Task item: Below are some records. Write out exactly their lines from the one with "Lateral colombiana Ana" through the one with "Trotz abgesetzer Show", and leave the pictures behind.

Data for review:
┏━━
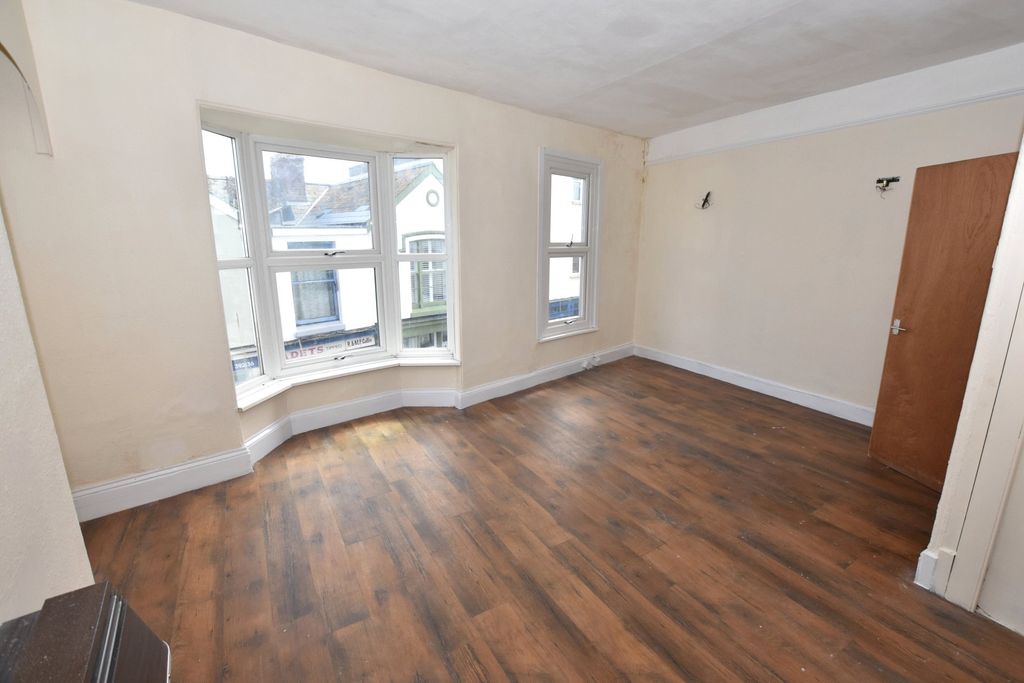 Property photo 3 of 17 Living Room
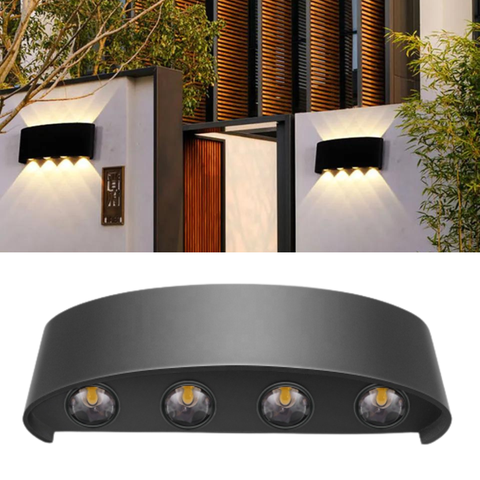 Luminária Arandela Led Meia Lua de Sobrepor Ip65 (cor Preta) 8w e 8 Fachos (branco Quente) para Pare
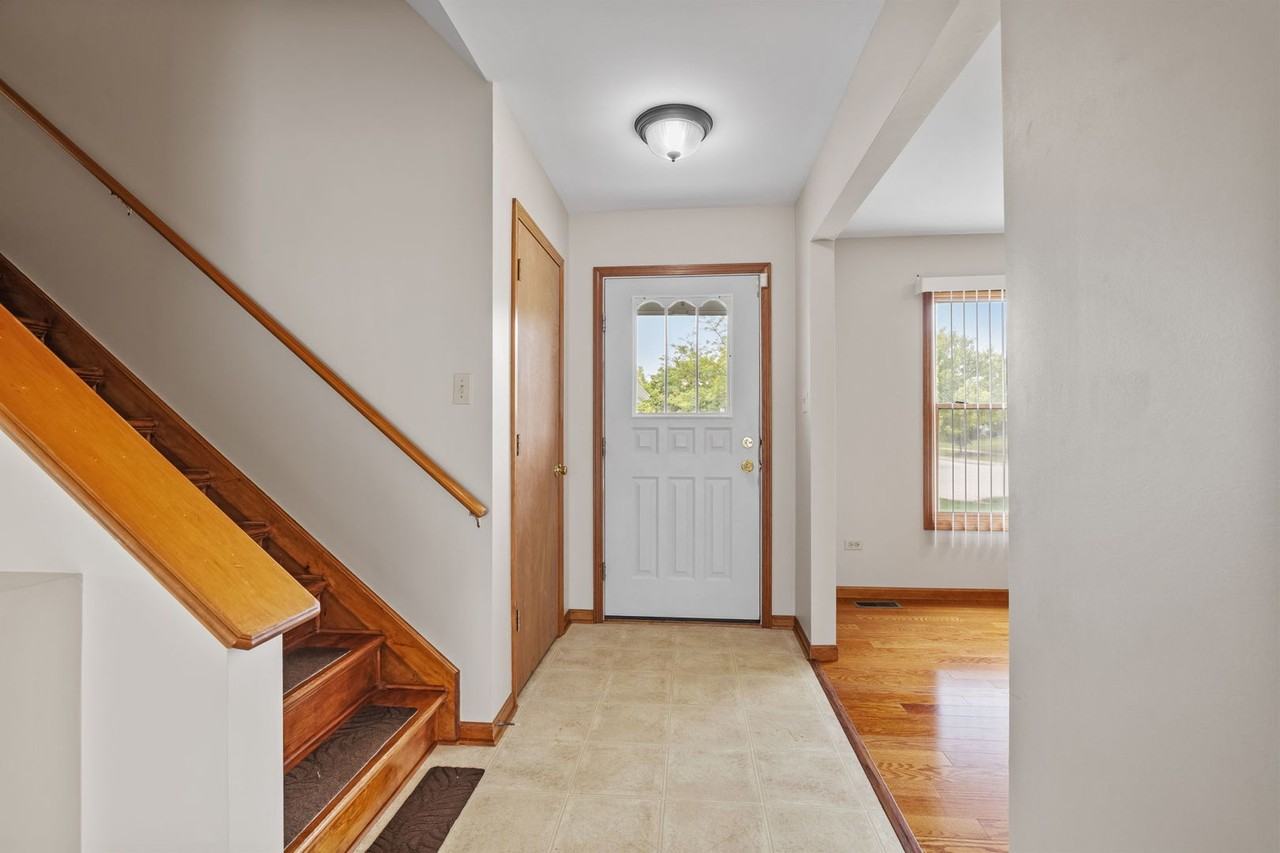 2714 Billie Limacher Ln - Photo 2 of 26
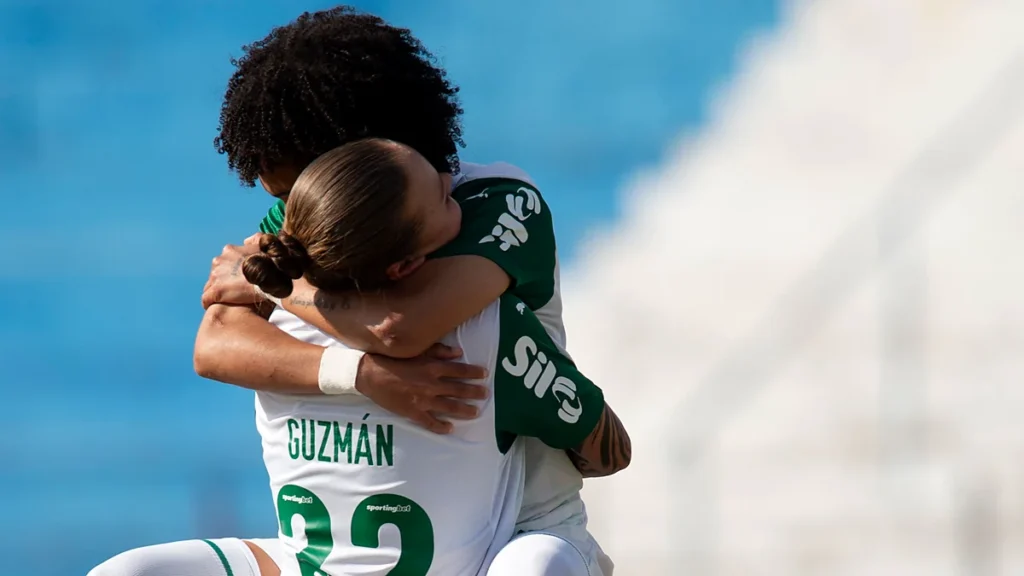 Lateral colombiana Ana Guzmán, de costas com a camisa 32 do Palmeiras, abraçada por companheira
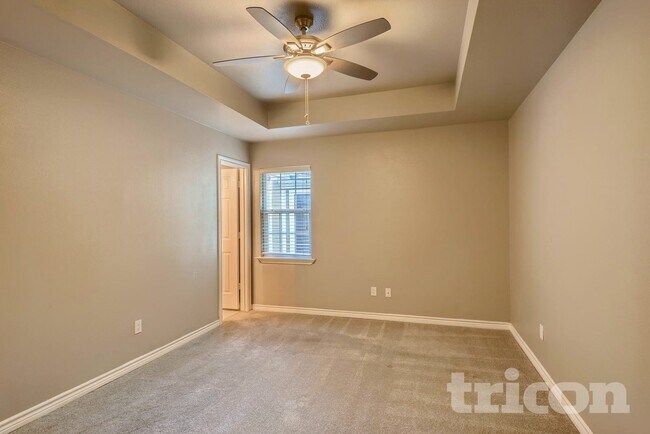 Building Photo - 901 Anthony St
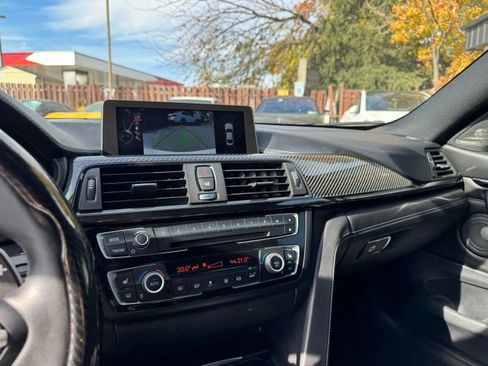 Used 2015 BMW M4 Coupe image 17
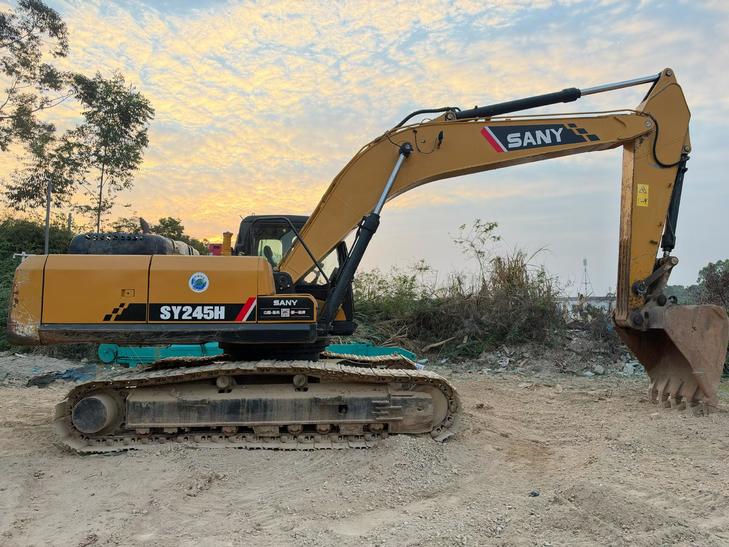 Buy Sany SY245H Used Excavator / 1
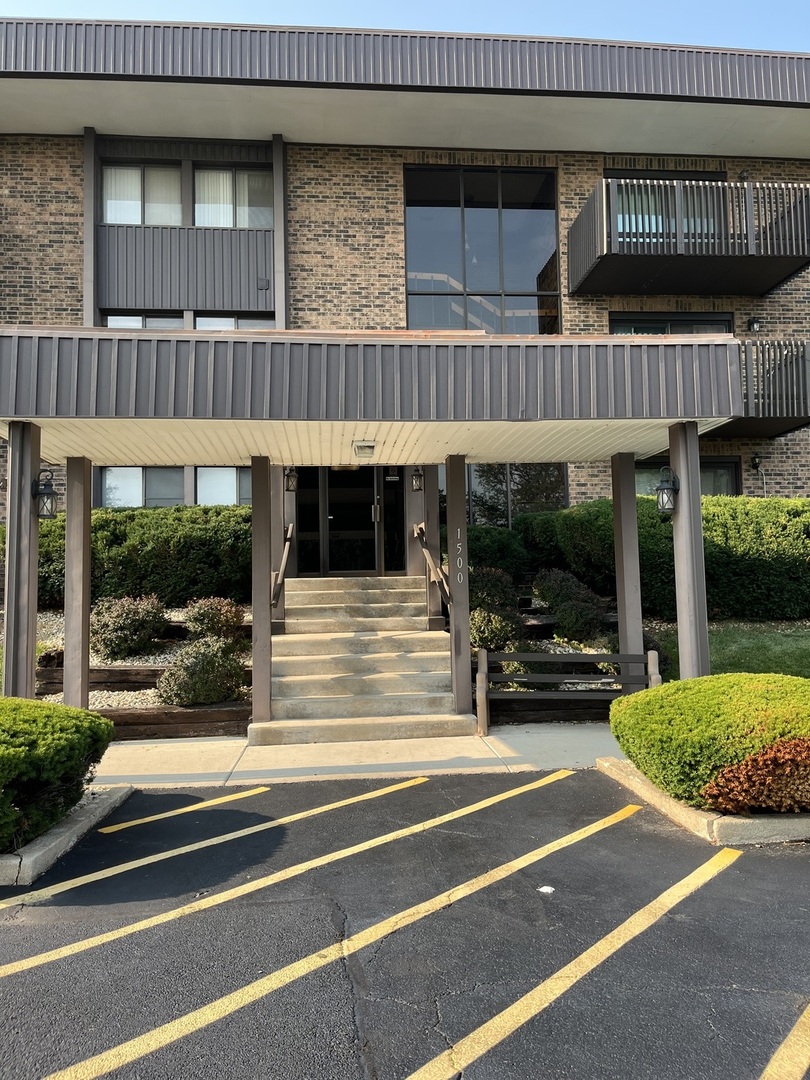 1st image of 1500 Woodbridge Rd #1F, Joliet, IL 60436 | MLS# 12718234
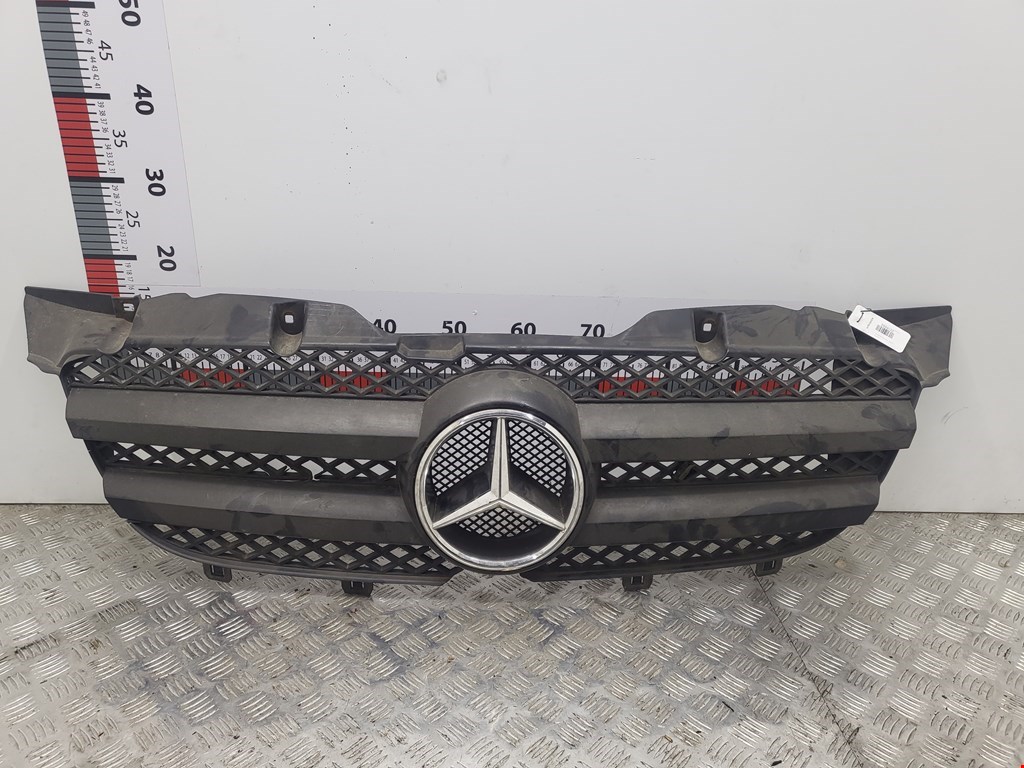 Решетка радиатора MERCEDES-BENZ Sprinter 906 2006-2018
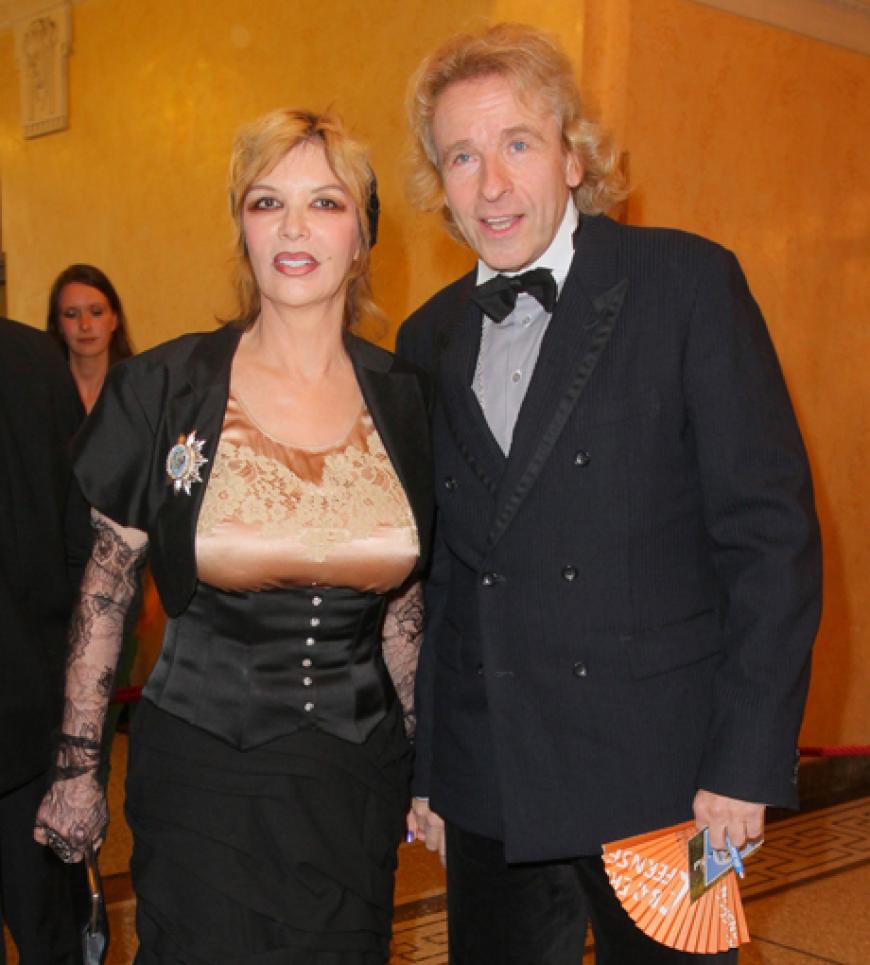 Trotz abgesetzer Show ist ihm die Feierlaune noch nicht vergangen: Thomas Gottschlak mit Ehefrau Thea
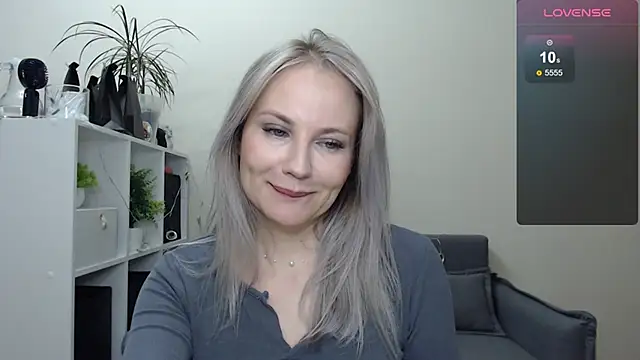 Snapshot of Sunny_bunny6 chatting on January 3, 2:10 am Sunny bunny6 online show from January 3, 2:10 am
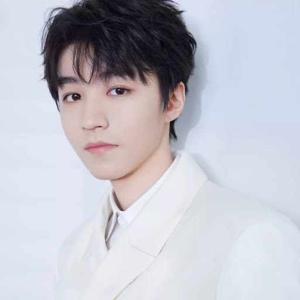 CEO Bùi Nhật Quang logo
┗━━
Output for this exercise:
 Lateral colombiana Ana Guzmán, de costas com a camisa 32 do Palmeiras, abraçada por companheira
 Building Photo - 901 Anthony St
 Used 2015 BMW M4 Coupe image 17
 Buy Sany SY245H Used Excavator / 1
 1st image of 1500 Woodbridge Rd #1F, Joliet, IL 60436 | MLS# 12718234
 Решетка радиатора MERCEDES-BENZ Sprinter 906 2006-2018
 Trotz abgesetzer Show ist ihm die Feierlaune noch nicht vergangen: Thomas Gottschlak mit Ehefrau Thea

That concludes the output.